A History of Mourning, by Richard Davey; 1890; Jay’s, London.
A history of mourning, burial customs, and funerary rites.
“Then occurred an event unique in history,” continues this naive contemporary chronicle. “The body of Inez was lifted from the grave, placed on a magnificent throne, and crowned Queen of Portugal. The clergy, the nobility, and the people did homage to her corpse, and kissed the bones of her hands. There sat the dead Queen, with her yellow hair hanging like a veil round her ghastly form. One fleshless hand held the sceptre, and the other the orb of royalty. At night, after the coronation ceremony, a procession was formed of all the clergy and nobility, the religious orders and confraternities which extended over many miles each person holding a flaring torch in his hand, and thus walked from Coimbra to Alcobaga, escorting the crowned corpse to that royal abbey for interment. The dead Queen lay in her rich robes upon a chariot drawn by black mules and lighted up by hundreds of lights.” The scene must indeed have been a weird one.

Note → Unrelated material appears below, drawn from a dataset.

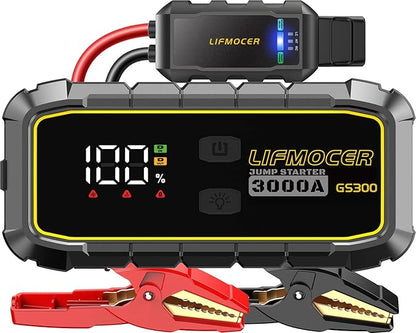 GS300 Jump Starter - 3000A Car Battery Jump Starter for Up to 10.0L Gas and 8.0L Diesel Engines, 12V Portable Jump Box with Storage Case USB Quick Charge, and LCD Display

The sable costumes of the bishops and priests, the incense issuing from innumerable censers, the friars in their quaint garments, and the fantastically-attired members of the various hermandades, or brotherhoods some of whom were dressed from head to foot entirely in scarlet, or blue, or black, or in white with their countenances masked and their eyes glittering through small openings in their cowls ; but above all, the spectre-like corpse of the Queen, on its car, and the grief-stricken King, who led the train when seen by the flickering light of countless torches, with its solemn dirge music, passing through many a mile of open country in the midnight hours was a vision so unreal that the chronicler describes it as “rather a phantasmagoria than a reality.” In the magnificent abbey of Alcobasa the requiem mass was sung, and the corpse finally laid to rest.